Outside of the DNA binding and dimerization domain, two other features characterize RFX proteins. (i) Of three additional homologous regions (A, B and C) first identified in RFX1–3 (2), two (B and C) have also been maintained in other members of the family (Fig. 1). Region B is present in sakl, ScRFX and CeRFX (Fig. 4), and region C is present in sakl and CeRFX (Fig. 4). Regions B and C have been conserved both in their sequence and in their positions relative to the DNA binding and dimerization domains (Fig. 1). (ii) RFX1–3, RFX5, sakl and ScRFX all contain regions that share no sequence homology but are rich in proline, glutamine or acidic amino acids (Fig. 1). These features are characteristic of transcription activation domains, suggesting that RFX proteins are transcription factors. This has in fact been demonstrated to be the case for RFX1 (4) and RFX5 (8,11).
To evaluate the evolutionary relationship between the different RFX genes, a phylogenetic tree was derived from their DNA binding domain sequences (Fig. 5). Together with the presence and extent of homology of the other conserved regions, the analysis of the phylogenetic tree raises a number of interesting issues. First, it shows that the mammalian RFX1–3 genes form a subfamily of recently diverged genes, which is consistent with the high conservation observed in the A, B, C and D regions. Secondly, among the novel RFX genes, CeRFX appears to be the closest relative of the RFX1–3 subfamily. This is evident both from the sequence of its DNA binding domain and from the strong conservation in the B, C and D regions. Surprisingly, CeRFX seems to have diverged more recently than the two mammalian RFX4 and RFX5 genes.

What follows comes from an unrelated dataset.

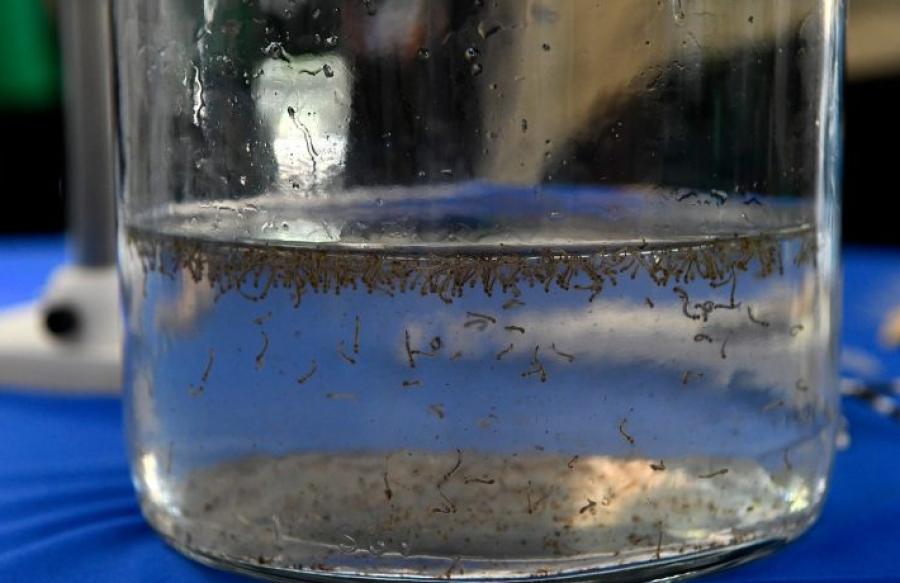 Em parceria com a SES, Bioparque Pantanal realiza “Dia D” de combate à dengue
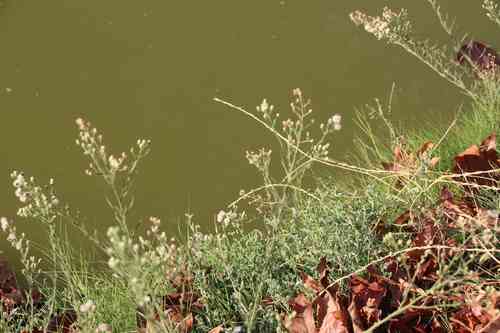 Flaxleaf fleabane(Erigeron bonariensis)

This implies that duplication events leading to a multigene family must have preceded the emergence of vertebrates, and indicates that invertebrates such as C.elegans should have additional RFX genes, possibly homologues of RFX4 and RFX5. Thirdly, the DNA binding domains of the two yeast genes, which diverge most from those of RFX1–3, are nevertheless associated with regions retaining homology to the B, C or D regions, suggesting that these regions were present in an ancestral gene. Finally, perhaps the most intriguing finding is that RFX5 is predicted, on the basis of its strong divergence, to be a very ancient member of the family (Fig. 5), yet has acquired a highly specialized role in a system that has evolved only relatively recently, namely the mammalian immune system. It should be mentioned however that the phylogenetic tree was made under the assumption that all the genes in the family diverged at identical rates. Consequently, if RFX5 has diverged more rapidly than the other RFX genes, it may well have emerged more recently than predicted by the phylogenetic tree.
In conclusion, RFX proteins constitute a family of DNA binding proteins that has been conserved in S.cerevisiae, S.pombe, C.elegans, mouse and man, and must thus have appeared over a billion years ago. RFX proteins are characterized by several highly conserved features, among which the most prominent are novel DNA binding and dimerization motifs that are clearly distinct from those found in other known DNA binding proteins. Finally, RFX proteins function as regulatory factors in a wide variety of unrelated systems, including regulation of the mitotic cell cycle in fission yeast, the control of the immune response in mammals, and infection by human hepatitis B virus. It thus appears likely that the RFX family will turn out to be as widespread and functionally important as the well known zinc finger, homeodomain, basic-leucine-zipper and basic-helix-loop-helix families of DNA binding proteins.